EBUS-TBNA can also access several lymph node stations either difficult or impossible to access by routine cervical mediastinoscopy, specifically the posterior subcarinal (level 7) and hilar stations (level 10 and above). When EBUS is combined with EUS-FNA, the range of nodal stations amenable to needle biopsy is extended to include all stations except the prevascular (level 6) lymph nodes and, in our experience, subcentimeter lymph nodes even as small as 4 mm could be reliably sampled with satisfactory results (lymphocytes or malignant cells, or both, present).
Real-time EBUS gives immediate visual feedback of proper needle placement that is lacking with conventional TBNA (see Fig 3). This attribute could theoretically reduce vascular complications associated with TBNA. In our experience, the tip of the biopsy needle is easily visualized and allows the bronchoscopist to stop the needle short of vascular structures.
Our study had several limitations. In only 20 cases were we able to evaluate surgically obtained tissue to confirm our bronchoscopic diagnoses. It would have been unethical to require surgical lymphadenectomy in all cases because many of our patients were deemed inoperable by radiologic criteria or by EBUS/TBNA.
Another limitation of EBUS-TBNA is the potential for false-positive results due to contamination from cytologically positive areas, including lymph nodes and the tracheobronchial tree. This was controlled for by sampling nodes beginning at the highest possible station in relation to the primary tumor (if present), and biopsies progressed in sequence from higher-stage to lower-stage nodes. In the event a false-positive result did occur, the tendency would be to up-stage to a lower nodal level.
The 22-gauge diameter of the biopsy needle is another potential limitation. In fact, the inner diameter of the needle is closer to that of a 21-gauge needle.

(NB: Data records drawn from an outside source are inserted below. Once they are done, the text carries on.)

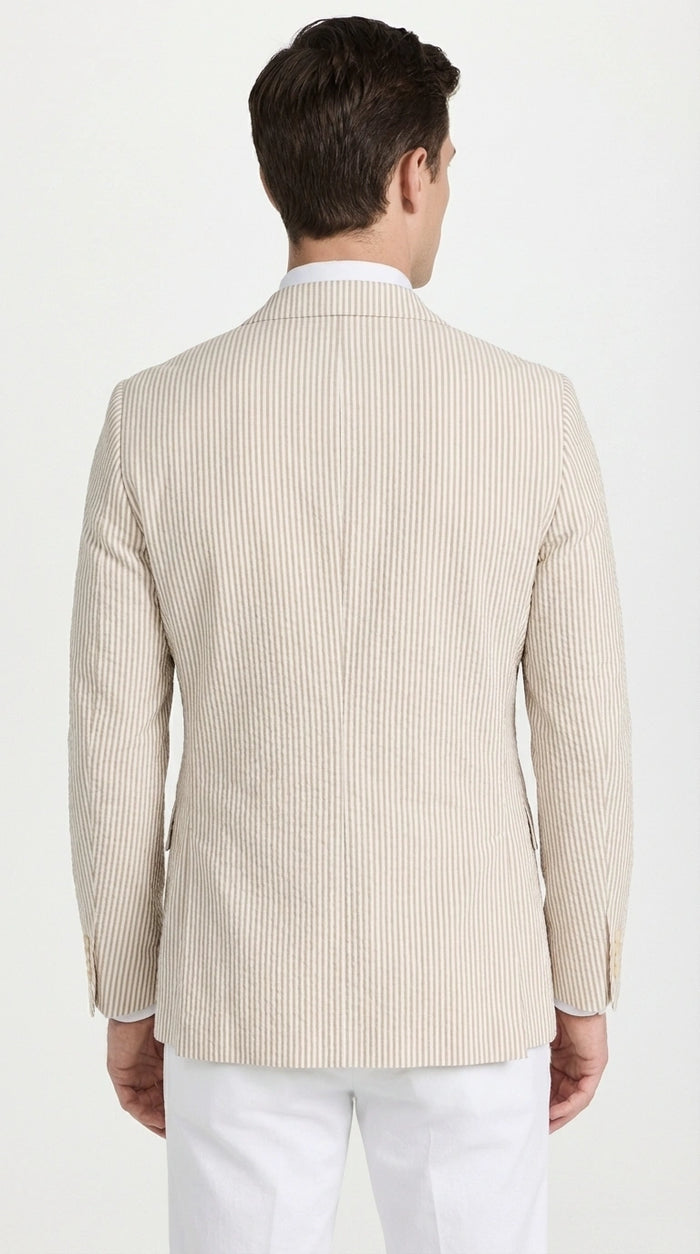 Mens Beige Seersucker Blazer – Lightweight Striped Summer Sport Coat Casual Smart Formal Blazer
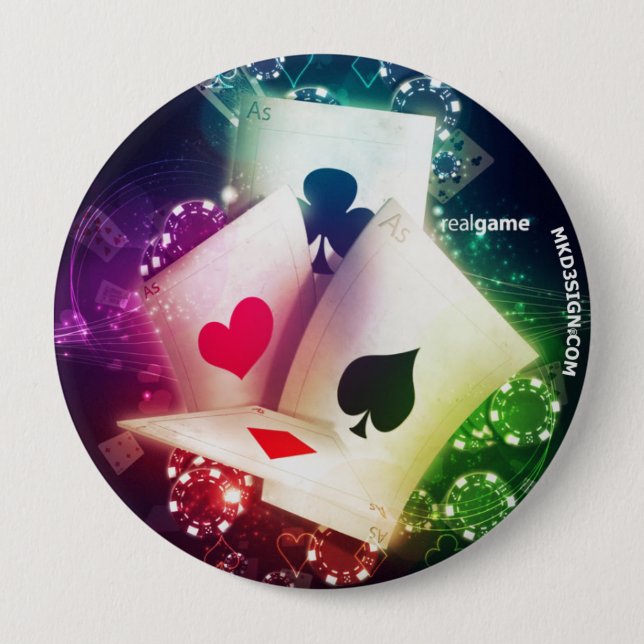 Poker 4 Inch Round Button (Front)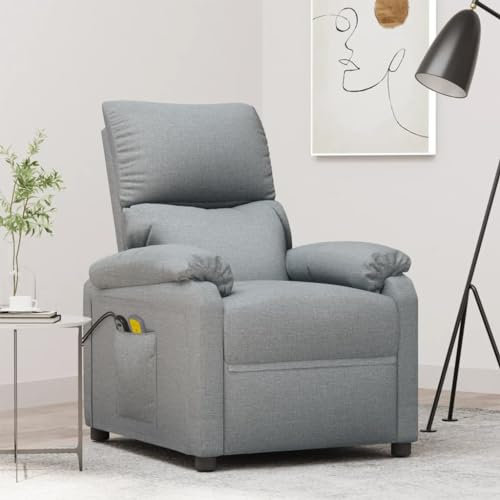 ShGaxin Fauteuil de massage électrique et inclinable en tissu gris clair, fauteuil de relaxation, fauteuil inclinable, fauteuil inclinable 3073827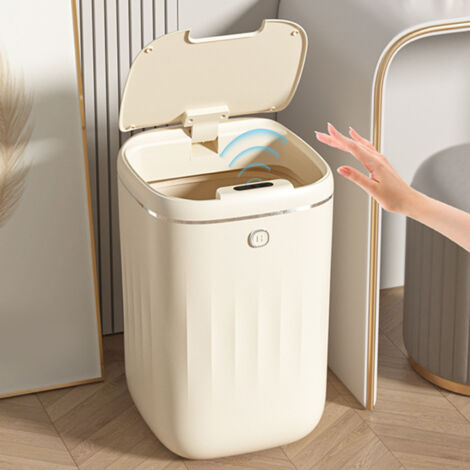Poubelle Automatique Sensorielle 20L Sans Contact Facile à Nettoyer PP Imperméable pour Cuisine Salle de Bain Blanc Crème Électrique Batterie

We found core samples were not uncommon with this needle, especially in lymphadenopathy due to sarcoidosis.
Finally, in not every case where EBUS-TBNA results were either nondiagnostic or negative and surgical lymphadenectomy was not performed were we able to completely exclude the possibility of false-negative EBUS-TBNA results. We decided that a minimum of 3 months of clinical follow-up gave us enough time to realize potential malignant disease. Only eight such cases occurred in our series and in no case has there been a diagnosis of malignancy after a range of follow-up from 3 to 10 months.
In summary, EBUS-TBNA is a safe and effective means of sampling mediastinal nodes and accurately staging the mediastinum in patients with NSCLC. Further studies with direct comparison with mediastinoscopy should be performed to confirm the diagnostic accuracy of EBUS-TBNA. This tool can be a useful first test when a patient presents with undiagnosed mediastinal lymphadenopathy, with or without primary lung mass, because diagnosis and staging can both be accomplished simultaneously. In addition, for those patients with stage IIIA lung cancer, initial staging with EBUS-TBNA before neoadjuvant chemotherapy may avoid the problem of mediastinal scarring caused by an initial staging mediastinoscopy.
It is our opinion that EBUS will become more widely available to pulmonologists and thoracic surgeons. The high yield, the ability to perform the procedure under conscious sedation, the low complication rate, and perhaps more widespread acceptance of the technology make this an attractive procedure.